### Provided information
□ □ □ □ □ □ □
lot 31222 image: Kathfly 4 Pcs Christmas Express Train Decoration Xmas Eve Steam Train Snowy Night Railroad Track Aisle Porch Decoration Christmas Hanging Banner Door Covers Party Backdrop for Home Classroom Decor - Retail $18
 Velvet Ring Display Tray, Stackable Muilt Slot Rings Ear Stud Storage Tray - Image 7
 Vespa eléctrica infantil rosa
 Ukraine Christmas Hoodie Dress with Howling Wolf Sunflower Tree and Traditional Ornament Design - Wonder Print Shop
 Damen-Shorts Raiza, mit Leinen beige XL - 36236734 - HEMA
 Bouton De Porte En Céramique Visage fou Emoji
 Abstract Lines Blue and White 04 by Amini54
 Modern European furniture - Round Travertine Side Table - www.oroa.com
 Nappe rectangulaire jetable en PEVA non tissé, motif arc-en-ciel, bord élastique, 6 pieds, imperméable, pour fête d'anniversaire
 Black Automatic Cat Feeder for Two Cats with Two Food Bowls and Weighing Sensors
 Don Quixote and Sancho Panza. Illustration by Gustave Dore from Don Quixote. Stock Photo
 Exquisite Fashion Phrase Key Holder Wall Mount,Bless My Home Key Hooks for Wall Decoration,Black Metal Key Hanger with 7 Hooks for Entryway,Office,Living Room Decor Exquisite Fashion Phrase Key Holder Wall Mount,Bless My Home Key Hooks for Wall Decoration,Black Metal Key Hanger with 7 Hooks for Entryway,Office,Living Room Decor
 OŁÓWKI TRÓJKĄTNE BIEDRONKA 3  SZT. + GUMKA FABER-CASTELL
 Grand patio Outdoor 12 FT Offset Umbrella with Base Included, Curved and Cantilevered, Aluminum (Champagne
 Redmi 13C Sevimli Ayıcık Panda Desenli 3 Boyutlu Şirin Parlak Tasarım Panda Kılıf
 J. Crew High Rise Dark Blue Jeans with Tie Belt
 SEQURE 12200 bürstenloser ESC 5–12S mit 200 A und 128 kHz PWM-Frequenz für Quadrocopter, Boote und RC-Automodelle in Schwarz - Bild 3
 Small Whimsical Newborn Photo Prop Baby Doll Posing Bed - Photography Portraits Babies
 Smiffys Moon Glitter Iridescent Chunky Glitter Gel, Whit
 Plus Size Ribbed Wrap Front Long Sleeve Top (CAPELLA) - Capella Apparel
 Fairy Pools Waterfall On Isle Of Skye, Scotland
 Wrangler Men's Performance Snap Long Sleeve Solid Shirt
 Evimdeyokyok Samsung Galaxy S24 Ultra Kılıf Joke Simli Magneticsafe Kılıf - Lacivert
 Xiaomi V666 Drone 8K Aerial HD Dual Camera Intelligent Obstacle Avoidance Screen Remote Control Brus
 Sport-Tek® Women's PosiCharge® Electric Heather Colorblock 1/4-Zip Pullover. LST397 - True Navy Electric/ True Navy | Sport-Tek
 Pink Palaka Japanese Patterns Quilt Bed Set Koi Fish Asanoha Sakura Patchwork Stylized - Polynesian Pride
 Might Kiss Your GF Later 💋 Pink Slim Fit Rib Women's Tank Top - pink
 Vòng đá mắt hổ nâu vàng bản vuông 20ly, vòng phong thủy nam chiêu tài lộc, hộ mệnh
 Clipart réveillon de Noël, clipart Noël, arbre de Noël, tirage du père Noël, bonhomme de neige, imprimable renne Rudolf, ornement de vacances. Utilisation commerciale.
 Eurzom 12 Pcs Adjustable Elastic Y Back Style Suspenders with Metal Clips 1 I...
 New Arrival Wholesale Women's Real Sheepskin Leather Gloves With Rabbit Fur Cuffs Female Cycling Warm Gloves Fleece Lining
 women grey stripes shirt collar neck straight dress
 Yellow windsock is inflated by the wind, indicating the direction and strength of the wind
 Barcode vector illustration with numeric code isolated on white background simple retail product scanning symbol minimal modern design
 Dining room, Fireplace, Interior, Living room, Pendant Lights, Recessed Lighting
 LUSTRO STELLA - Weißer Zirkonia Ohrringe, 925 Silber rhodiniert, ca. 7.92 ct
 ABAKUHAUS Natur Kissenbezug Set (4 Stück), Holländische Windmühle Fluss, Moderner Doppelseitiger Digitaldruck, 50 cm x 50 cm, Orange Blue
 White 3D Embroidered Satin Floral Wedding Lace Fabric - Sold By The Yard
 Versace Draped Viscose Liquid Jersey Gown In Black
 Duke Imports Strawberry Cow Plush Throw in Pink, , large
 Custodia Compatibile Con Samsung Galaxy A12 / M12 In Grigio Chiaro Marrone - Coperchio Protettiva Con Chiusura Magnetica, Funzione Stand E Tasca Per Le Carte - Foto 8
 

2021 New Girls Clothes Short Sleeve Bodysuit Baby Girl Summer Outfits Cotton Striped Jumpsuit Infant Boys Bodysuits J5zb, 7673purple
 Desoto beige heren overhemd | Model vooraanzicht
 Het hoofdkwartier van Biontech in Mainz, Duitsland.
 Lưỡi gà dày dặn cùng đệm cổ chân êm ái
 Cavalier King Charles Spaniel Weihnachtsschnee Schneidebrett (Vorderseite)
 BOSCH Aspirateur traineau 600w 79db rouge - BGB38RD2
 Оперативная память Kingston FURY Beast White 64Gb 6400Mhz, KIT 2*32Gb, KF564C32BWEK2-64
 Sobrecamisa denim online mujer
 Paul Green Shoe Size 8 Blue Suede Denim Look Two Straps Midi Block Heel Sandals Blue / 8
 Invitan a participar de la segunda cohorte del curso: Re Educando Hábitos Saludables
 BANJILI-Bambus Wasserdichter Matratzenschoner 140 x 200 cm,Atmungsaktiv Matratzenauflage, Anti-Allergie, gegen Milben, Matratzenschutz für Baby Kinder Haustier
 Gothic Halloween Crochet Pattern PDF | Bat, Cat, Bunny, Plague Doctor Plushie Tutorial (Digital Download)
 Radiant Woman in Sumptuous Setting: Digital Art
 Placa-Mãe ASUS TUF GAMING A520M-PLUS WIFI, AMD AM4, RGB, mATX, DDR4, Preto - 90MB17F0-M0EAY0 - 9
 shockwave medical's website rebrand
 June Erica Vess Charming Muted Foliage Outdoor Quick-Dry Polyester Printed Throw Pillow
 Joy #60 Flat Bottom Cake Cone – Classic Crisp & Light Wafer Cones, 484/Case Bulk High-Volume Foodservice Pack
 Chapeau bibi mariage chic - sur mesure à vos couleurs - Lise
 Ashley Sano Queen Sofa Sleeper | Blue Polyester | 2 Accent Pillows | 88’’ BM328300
□ □ □ □ □ □ □
### Exercise instructions
The expected response is the material above given again line by line, from its first line to the line holding "Vespa eléctrica infantil rosa", inclusive.

### Exercise result
lot 31222 image: Kathfly 4 Pcs Christmas Express Train Decoration Xmas Eve Steam Train Snowy Night Railroad Track Aisle Porch Decoration Christmas Hanging Banner Door Covers Party Backdrop for Home Classroom Decor - Retail $18
 Velvet Ring Display Tray, Stackable Muilt Slot Rings Ear Stud Storage Tray - Image 7
 Vespa eléctrica infantil rosa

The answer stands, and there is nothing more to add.